» **Work instructions**
All that belongs in the answer is the lines from the one containing "Load image into" to the end of the listing below, copied exactly, pictures excluded.

» **Data below**
######

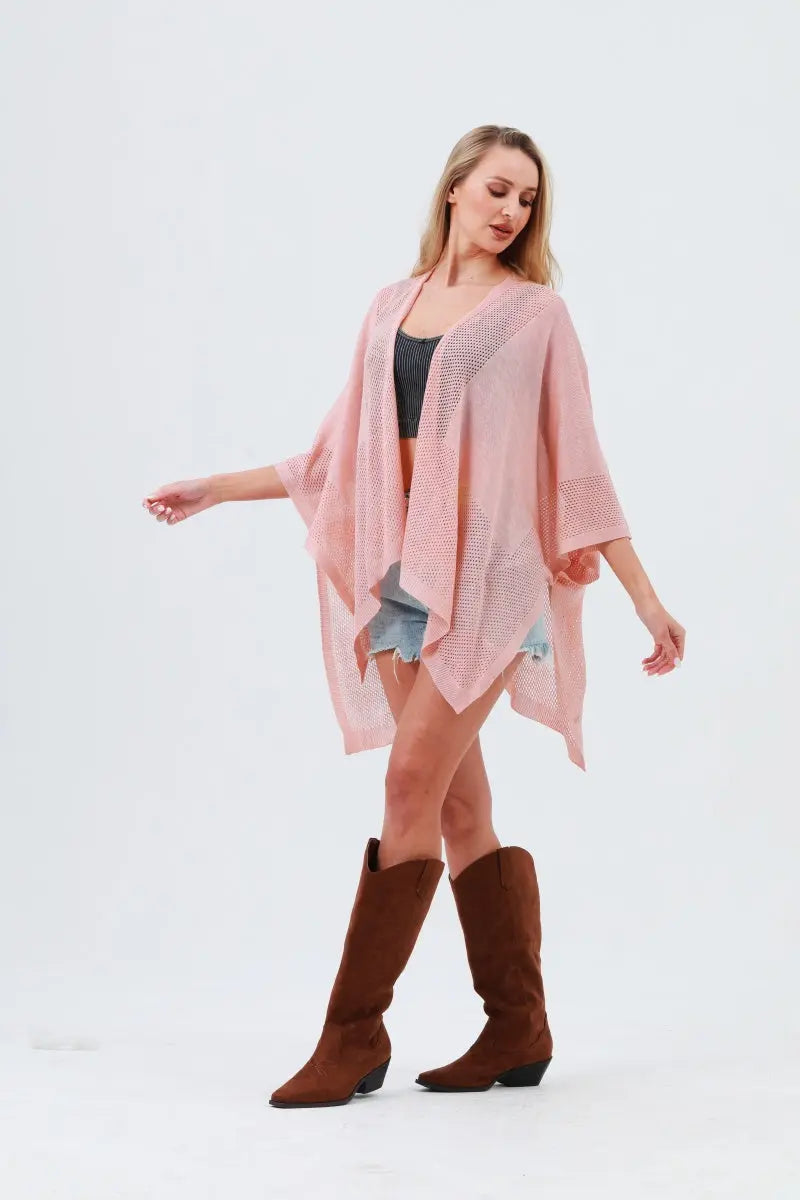 Oversized Mesh Knit Kimono – Lightweight &amp; Airy Cover-Up 🌬️🧥 Leto Collection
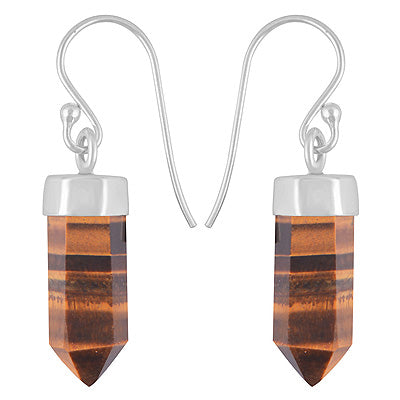 Alluring Tiger's Eye Pencil Shape 925 Sterling Solid Silver Dangle Earrings - R1501904-40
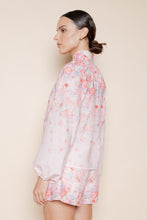 Load image into Gallery viewer, Pink Floral High Collar LS Button Blouse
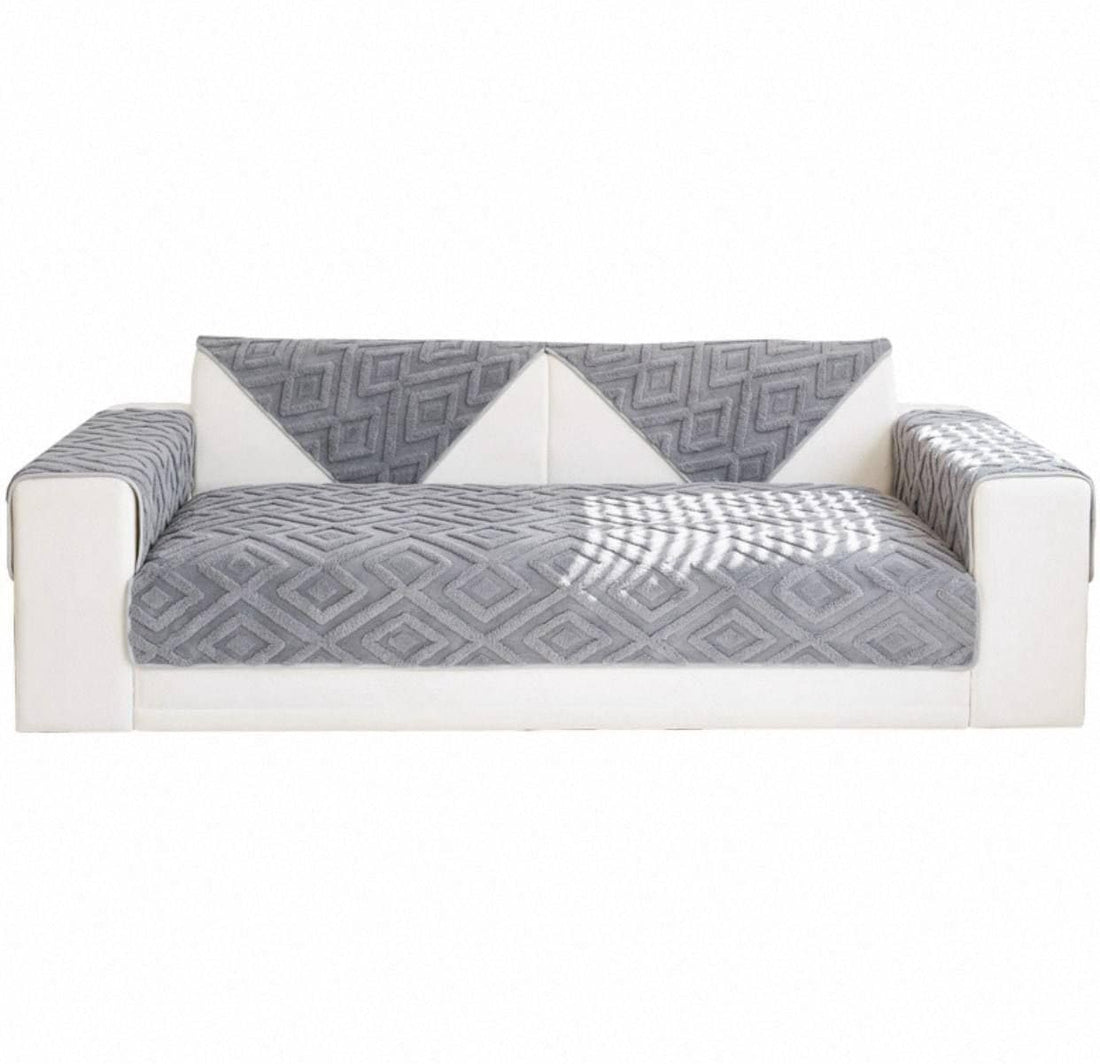 Generic Velvet Jacquard Faux Fur Sofa Cover Set, Grey Geometric Pattern, Large Sofa 195cm x 90cm with 3 Cushion Covers 48cm x 65cm, Heavy Quality Imported Fabric .sr (gray)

######

» **Output for this exercise**
 Load image into Gallery viewer, Pink Floral High Collar LS Button Blouse
 Generic Velvet Jacquard Faux Fur Sofa Cover Set, Grey Geometric Pattern, Large Sofa 195cm x 90cm with 3 Cushion Covers 48cm x 65cm, Heavy Quality Imported Fabric .sr (gray)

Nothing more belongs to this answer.